The computer organization model of tapeworm cysteine protease activity inhibitor is provided;

From the structure storehouse, screen similar in the candidate compound of described inhibitor or by (ii) calculating or estimate the candidate compound that project organization is similar to described inhibitor by (i) calculating or range estimation; With

Analyze the ability that candidate compound suppresses the tapeworm cysteine protease activity.

38. identify the computer-householder method of tapeworm cysteine protease activity inhibitor, this method comprises:

Set up the computer model of tapeworm L-Cysteine HCL Anhydrous by the X-ray crystal structure of analyzing the tapeworm L-Cysteine HCL Anhydrous;

By calculating or estimating inhibitor structure is docked with the binding site of protease crystals structure at inhibitor;

By calculating or estimate the interaction of identifying between inhibitor and protease molecule;

From the structure storehouse, screen similar in the candidate compound of described inhibitor or by (ii) calculating or estimate the candidate compound that project organization is similar to described inhibitor by (i) calculating or range estimation;

By calculating or estimate the interaction of assessing between candidate compound and described protease molecule;

39. as claim 37 or 38 described methods, wherein inhibitor is Z-Leu-Leu-Leu-FMK or Z-Leu-Leu-Tyr-FMK.

40. treatment is subjected to the method for the animal of cestode infection, this method comprises with the pharmaceutical composition that contains the tapeworm cystatin carries out medication to infection animal, and wherein the composition medication can effectively be eliminated described parasite or prevention on one's body or postpone animal from animal and the sick or neural cysticercosis of bladder worm occur.
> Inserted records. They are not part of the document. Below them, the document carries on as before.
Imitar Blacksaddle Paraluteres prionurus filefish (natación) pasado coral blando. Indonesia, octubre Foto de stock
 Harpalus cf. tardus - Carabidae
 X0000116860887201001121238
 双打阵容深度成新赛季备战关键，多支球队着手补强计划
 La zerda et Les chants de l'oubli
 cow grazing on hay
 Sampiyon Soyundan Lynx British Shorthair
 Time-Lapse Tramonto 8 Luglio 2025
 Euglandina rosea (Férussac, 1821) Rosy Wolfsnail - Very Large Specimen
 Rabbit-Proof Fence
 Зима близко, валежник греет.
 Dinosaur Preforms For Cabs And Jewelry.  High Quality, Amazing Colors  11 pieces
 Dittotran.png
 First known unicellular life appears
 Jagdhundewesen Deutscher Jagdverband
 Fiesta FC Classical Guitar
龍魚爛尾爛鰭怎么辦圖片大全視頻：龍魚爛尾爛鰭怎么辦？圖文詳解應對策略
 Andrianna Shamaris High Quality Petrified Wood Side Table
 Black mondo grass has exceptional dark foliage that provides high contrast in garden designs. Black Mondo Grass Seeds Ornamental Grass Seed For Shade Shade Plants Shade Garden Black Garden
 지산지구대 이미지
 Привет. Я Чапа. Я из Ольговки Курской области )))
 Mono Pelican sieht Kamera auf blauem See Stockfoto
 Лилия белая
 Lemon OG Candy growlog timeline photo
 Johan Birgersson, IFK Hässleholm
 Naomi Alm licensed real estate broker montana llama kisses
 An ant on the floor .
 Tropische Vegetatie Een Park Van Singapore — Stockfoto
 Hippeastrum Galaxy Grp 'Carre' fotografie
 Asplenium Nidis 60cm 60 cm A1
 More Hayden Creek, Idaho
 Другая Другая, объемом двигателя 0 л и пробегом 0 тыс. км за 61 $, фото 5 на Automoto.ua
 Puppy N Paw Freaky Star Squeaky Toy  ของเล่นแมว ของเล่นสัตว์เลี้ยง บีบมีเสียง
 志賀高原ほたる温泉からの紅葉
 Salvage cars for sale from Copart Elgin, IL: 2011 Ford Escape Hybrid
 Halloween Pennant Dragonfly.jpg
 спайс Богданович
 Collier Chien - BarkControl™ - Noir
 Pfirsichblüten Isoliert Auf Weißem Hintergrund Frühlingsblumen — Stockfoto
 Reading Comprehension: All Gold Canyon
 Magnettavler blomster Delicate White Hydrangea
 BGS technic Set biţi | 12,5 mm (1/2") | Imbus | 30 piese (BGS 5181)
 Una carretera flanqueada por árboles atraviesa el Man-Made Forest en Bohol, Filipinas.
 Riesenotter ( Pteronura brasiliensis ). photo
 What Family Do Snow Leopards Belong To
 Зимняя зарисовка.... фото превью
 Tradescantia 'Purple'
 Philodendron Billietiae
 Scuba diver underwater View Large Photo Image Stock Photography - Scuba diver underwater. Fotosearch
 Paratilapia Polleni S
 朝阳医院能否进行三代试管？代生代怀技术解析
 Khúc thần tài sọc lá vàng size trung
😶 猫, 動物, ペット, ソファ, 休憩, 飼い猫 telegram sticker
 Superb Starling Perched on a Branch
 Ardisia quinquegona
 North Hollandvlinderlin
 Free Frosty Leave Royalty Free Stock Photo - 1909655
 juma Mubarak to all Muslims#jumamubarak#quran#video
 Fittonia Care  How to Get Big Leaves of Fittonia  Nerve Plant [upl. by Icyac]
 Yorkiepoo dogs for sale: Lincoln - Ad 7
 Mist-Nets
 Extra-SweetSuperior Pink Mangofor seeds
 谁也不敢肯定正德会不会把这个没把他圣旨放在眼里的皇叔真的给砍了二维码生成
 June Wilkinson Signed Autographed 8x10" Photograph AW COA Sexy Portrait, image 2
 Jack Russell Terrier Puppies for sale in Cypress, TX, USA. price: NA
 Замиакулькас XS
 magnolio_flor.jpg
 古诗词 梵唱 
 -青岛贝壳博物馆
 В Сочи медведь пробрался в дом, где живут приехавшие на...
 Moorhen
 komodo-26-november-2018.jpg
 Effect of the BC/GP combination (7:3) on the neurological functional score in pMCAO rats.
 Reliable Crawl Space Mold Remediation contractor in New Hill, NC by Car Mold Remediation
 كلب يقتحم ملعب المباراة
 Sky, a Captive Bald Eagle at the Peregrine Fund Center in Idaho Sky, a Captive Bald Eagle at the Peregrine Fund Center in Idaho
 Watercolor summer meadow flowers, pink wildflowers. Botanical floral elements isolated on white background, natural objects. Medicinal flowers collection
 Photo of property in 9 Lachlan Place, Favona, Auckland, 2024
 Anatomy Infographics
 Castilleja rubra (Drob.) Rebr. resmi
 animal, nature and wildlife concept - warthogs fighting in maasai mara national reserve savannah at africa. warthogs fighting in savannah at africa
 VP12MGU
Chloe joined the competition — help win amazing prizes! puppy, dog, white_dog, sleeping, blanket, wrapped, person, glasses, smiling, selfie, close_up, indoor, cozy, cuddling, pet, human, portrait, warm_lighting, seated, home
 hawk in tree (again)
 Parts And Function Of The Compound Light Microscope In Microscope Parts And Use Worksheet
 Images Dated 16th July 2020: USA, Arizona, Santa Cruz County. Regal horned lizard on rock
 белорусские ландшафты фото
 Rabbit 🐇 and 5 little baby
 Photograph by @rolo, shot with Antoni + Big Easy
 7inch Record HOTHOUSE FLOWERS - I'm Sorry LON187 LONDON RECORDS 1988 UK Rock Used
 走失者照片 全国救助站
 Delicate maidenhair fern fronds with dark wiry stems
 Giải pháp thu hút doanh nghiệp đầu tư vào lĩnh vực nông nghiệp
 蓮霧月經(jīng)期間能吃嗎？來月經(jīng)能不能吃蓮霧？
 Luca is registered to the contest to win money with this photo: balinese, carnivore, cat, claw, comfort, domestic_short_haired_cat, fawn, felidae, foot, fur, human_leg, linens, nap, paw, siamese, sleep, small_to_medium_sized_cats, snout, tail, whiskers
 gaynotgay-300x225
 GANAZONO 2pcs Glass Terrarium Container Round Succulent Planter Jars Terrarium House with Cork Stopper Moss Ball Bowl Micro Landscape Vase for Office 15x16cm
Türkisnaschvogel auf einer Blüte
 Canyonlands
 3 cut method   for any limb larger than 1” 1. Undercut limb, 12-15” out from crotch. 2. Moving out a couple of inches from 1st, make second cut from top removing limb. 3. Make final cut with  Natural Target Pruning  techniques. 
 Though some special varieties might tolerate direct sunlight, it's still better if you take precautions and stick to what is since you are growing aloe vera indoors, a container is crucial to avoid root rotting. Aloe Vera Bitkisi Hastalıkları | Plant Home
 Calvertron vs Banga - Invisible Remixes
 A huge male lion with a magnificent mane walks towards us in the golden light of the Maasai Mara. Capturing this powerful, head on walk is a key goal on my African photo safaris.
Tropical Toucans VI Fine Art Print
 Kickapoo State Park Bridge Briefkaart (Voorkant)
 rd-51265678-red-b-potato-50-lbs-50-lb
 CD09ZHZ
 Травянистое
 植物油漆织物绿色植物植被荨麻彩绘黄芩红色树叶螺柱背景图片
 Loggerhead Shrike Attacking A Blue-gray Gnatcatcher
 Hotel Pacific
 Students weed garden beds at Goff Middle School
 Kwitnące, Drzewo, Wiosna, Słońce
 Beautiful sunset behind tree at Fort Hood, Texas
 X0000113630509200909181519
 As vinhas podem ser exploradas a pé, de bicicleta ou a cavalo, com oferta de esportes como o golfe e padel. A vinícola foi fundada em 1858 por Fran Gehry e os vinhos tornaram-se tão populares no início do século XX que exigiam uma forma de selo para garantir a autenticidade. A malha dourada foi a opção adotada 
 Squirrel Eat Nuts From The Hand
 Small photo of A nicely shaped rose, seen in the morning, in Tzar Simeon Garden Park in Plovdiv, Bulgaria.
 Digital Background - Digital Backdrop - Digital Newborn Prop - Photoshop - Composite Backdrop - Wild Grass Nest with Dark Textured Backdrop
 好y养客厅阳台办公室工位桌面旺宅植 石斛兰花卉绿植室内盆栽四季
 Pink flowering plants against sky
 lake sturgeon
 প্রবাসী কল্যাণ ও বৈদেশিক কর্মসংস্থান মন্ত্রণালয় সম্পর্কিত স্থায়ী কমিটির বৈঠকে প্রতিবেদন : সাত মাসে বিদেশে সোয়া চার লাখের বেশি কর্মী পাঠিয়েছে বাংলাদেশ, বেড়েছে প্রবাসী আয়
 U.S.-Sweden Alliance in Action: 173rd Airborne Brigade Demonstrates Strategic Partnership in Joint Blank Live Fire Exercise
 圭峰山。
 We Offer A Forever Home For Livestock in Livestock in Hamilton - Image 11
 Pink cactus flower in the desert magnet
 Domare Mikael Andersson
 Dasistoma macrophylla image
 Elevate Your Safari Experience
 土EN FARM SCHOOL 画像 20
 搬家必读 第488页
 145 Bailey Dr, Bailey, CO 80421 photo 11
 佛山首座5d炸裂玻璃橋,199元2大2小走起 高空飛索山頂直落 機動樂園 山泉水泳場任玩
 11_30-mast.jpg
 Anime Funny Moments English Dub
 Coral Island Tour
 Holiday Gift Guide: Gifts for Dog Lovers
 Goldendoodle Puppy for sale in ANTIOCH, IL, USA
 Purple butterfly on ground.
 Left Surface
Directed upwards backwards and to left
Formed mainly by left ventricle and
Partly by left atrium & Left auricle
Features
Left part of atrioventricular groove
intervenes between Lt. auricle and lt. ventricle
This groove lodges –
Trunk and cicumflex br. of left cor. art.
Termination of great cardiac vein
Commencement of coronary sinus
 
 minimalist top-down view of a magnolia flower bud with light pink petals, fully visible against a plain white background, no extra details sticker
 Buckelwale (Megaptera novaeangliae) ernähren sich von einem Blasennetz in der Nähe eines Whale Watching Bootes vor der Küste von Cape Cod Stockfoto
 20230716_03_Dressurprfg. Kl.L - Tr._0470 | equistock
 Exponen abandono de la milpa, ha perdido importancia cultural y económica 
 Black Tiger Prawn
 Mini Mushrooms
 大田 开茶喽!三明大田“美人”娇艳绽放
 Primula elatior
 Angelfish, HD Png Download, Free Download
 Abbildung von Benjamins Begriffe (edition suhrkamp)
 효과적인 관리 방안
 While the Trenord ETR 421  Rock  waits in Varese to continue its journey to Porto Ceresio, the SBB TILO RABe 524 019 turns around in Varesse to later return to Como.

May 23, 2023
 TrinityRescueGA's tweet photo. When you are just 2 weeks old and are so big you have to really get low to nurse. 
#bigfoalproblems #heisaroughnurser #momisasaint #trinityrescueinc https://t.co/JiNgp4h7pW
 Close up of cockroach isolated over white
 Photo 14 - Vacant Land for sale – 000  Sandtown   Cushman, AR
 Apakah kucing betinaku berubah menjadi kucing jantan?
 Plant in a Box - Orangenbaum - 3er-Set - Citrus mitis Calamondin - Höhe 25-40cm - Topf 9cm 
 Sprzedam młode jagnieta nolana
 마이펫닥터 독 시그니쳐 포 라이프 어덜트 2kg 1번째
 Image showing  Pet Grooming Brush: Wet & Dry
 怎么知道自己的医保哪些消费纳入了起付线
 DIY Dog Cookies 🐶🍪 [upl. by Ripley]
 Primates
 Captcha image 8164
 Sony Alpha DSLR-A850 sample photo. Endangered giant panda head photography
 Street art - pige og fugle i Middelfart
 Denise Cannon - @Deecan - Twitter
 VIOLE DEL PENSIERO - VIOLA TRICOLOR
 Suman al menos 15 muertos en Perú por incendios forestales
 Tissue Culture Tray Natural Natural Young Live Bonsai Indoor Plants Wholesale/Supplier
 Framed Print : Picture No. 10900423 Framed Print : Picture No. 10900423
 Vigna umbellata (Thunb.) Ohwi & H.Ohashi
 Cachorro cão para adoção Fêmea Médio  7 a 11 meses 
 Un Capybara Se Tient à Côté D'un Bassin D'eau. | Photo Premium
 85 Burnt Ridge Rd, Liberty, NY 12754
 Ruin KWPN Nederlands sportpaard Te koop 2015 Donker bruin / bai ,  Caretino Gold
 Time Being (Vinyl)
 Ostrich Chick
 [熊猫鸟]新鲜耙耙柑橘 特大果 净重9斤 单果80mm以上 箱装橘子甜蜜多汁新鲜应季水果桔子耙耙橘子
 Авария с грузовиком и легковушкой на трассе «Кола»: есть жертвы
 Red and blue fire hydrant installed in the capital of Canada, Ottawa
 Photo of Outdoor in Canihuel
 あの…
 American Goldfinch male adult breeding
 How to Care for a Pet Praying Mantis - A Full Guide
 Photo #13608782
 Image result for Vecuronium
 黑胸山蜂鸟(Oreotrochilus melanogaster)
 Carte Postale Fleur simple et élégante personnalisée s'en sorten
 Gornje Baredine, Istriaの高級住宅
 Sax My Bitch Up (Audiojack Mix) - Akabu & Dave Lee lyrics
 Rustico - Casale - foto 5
The method of opposing cestode infection 41. watch for animals; this method comprises with the pharmaceutical composition that contains the tapeworm cystatin carries out medication to infection animal not, and wherein the composition medication can effectively be avoided after the animal by described parasitic infection or avoid being suffered from cysticercosis or neural cysticercosis by animal after the described parasitic infection afterwards.

42. as claim 40 or 41 described methods, wherein inhibitor is Z-Leu-Leu-Leu-FMK or Z-Leu-Leu-Tyr-FMK.

43. as the described method of claim 40,41 or 42, wherein said animal is that pig or people and described cestode infection are infection by Taenia solium.